DOCERE

Gustave Le Bon

« Si un législateur veut, par exemple, établir un nouvel impôt, devra-t-il choisir le plus juste théoriquement? En aucune façon. Le plus injuste pourra être pratiquement le meilleur pour les foules, s'il est le moins visible, et le moins lourd en apparence. C'est ainsi qu'un impôt indirect, même exorbitant, sera toujours accepté par la foule. Étant journellement prévelé sur des objets de consommation, par fractions de centime, il ne gêne pas ses habitudes et l'impressione peu. Remplacez-le par un impôt proportionnel sur les salaires ou autres revenus, à payer en un seul versement, fût-il dix fois moins lourd que l'autre, il soulèvera d'unanimes protestations. Aux centimes invisibles de chaque jour se substitue, en effet, une somme totale relativement élevée et, par conséquent, très impressionnante. Elle ne passerait inaperçue que si elle avait été mise de côté sou à sou; mais ce procédé économique représente une dose de prévoyance dont les foules sont incapables. »

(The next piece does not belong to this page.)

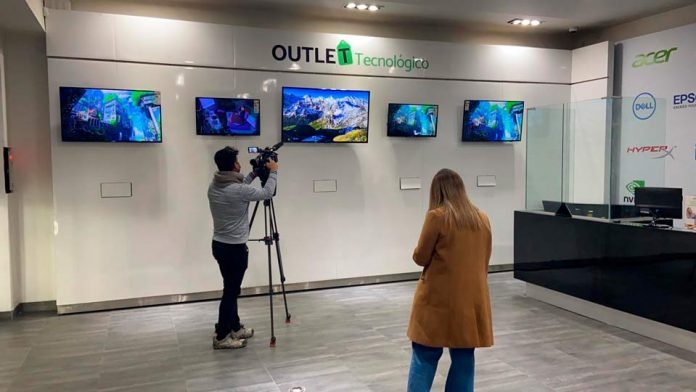 Se abre en Chile el primer outlet tecnoligico en forma permanente al interior de un mall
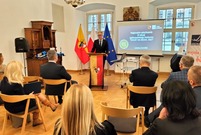 Leszno zwycięzcą Grunt na medal 2021 w województwie wielkopolskim, wręczenie odznaczenia w Ratuszu (photo)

— Gustave Le Bon, Psychologie des foules, éd. JDH Éditions, p. 15

« Nous savons aujourd'hui qu'un individu peut être placé dans un état tel, qu'ayant perdu sa personnalité consciente, il obéisse à toutes les suggestions de l'opérateur qui la lui fait perdre, et commette les actes les plus contraires à son caractère et à ses habitudes. Or, des observations attentives paraissent prouver que l'individu plongé depuis quelque temps au sein d'une foule agissante, tombe bientôt - par suite des effluves qui s'en dégagent, ou pour toute autre cause encore ignorée - dans un état particulier, se rapprochant beaucoup de l'état de fascination de l'hypnotisé entre les mains de son hypnotiseur. La vie du cerveau étant paralysée chez le sujet hypnotisé, celui-ci devient l'esclave de toutes ses activités inconscientes, que l'hypnotiseur dirige à son gré. La personnalité consciente est évanouie, la volonté et le discernement abolis. Sentiments et pensées sont alors orientés dans le sens déterminé par l'hypnotiseur. »

— Gustave Le Bon, Psychologie des foules, éd. JDH Éditions, p. 22

« L'influence d'une suggestion le lancera avec une irréristible impétuosité vers l'accomplissement de certains actes. Impétuosité plus irrésistible encore dans les foules que chez le sujet hypnotisé, car la suggestion, étant la même pour tous les individus, s'exagère en devenant réciproque. »

— Gustave Le Bon, Psychologie des foules, éd. JDH Éditions, p. 22

« L'évènement le plus simple vu par la foule est bientôt un évènement défiguré. Elle pense par images, et l'image évoquée en évoque elle-même une série d'autres sans aucun lien logique avec la première. [...] Incapable de séparer le subjectif de l'objectif, elle admet comme réelles les images évoquées dans son esprit, et ne possédant le plus souvent qu'une parenté lointaine avec le fait observé. »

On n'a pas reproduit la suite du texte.